But I still consider myself perfectly capable of making programming errors and would really not mind if a compiler would help me to not speed up turning my hair all grey or nails been bitten off in search for my own stupid errors.
So what perfectly fine reason is there to not enable this compiler flag to save my sanity for a little longer?
Yeah, back in the old day in x86 we had the return value in a register, either ax, or dx:ax for 32 bit values, and the caller took care about pushing popping said register, no "surprises" were left on the stack. This is exactly what must have changed from esp32 ver 1.x to ver 2.x, and I still don't get why the silence. Are we literally like five people on the entire planet running into this issue?
Are we literally like five people on the entire planet running into this issue?
The five of us that found this thread, for sure.
I understand the concept of garbage-in-garbage-out, but it is nasty that older projects that ran fine for years, can now have hidden crashes that may occur totally unexpected when a rare condition is met. If a function exits early with a proper return value, all is well. But there may be a rare exit condition that makes it crash.
My projects are mostly hobby stuff, call it toys if you want. But I reckon many will use it for more serious stuff, and a lurking crash which only presents when a rare condition is met when you least expect it... This could happen with code that was previously tested and considered ok, but looses robustness only because it was compiled with a newer tool.

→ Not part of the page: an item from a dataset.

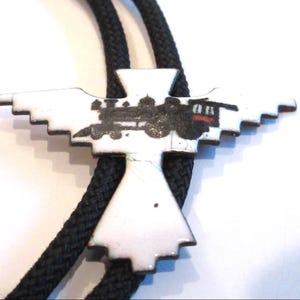 Thunderbird Bolo Tie, Train Engine Locomotive on White Thunderbird Bolo Tie IC Lot M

@Frank-Bemelman in my case, I have several units running jig tests at my workplace, cause I found these cute boards with a glued on oled display. On the other hand, the same boards run my amateur astronomy rig, a nice testing ground before I put code to a more serious board. This is how it crashed my astronomy rig, leading me to spend the christmas tracing the issue to exactly here, to this thread.
Long story short, from a PR perspective, this breaking change just casts a shadow onto the entire playground of esp32's. We are people, writing bad code in general. I am grateful the days of x86 assembly are over, and I can finally focus on writing stuff instead of counting the bits. And here we are, counting the bits, again.
Probably the reason that more people aren't blowing this thread up, is because it is extremely difficult to pin down the cause/source of this bug. Only programmers that have notable debugging skills will be able to figure out why their project bootloops "after I put that new library in"--as the ESP32 chips' crash debug outputs by themselves simply won't point you anywhere close to the right location.
This is how it crashed my astronomy rig, leading me to spend the christmas tracing the issue to exactly here, to this thread.
yup, it's not an easy bug to track down! Took me most of a day the first time, and more like a few hours the most recent time. It's the weirdest thing, when your subroutine mysteriously loops back on itself infinitely until the processor crashes due to WDT or stack fouling...
And it is a sort of a time bomb. I bet there are thousands of c functions in github projects just waiting for a compile and crash. People tend to stick to their setup as long as possible, but sooner or later they will upgrade for whatever reason, and then it happens. Like a melting ice cap.
In my case it was related to button presses and beeps, buttons being multiplexed cause not enough pins to begin with, in the meanwhile I read the tone function, previously a polyfill, now went into the os, into the multithreading, with message queues and stuff, ... I suspected ESDs initially, so went crazy by isolating the front panel with optos, read a ton of docs and forums about the ADC, cause maybe some code there, perhaps mixed in with the wifi, what about the led_c used to generate the pwm for the buzzer... just to be sure, methodically eliminating every possible culprit, installing and removing the 1.x, cross compiling with all versions to see the behaviors, only to find out that I had a missing return somewhere in my code, and that the 2.x codebase handled it differently than 1.x.
I stumbled about the exact same topicc(multiple times now).
How about -Werror=return-type
? This would point users of all professional level to the right location before the bootloop appears.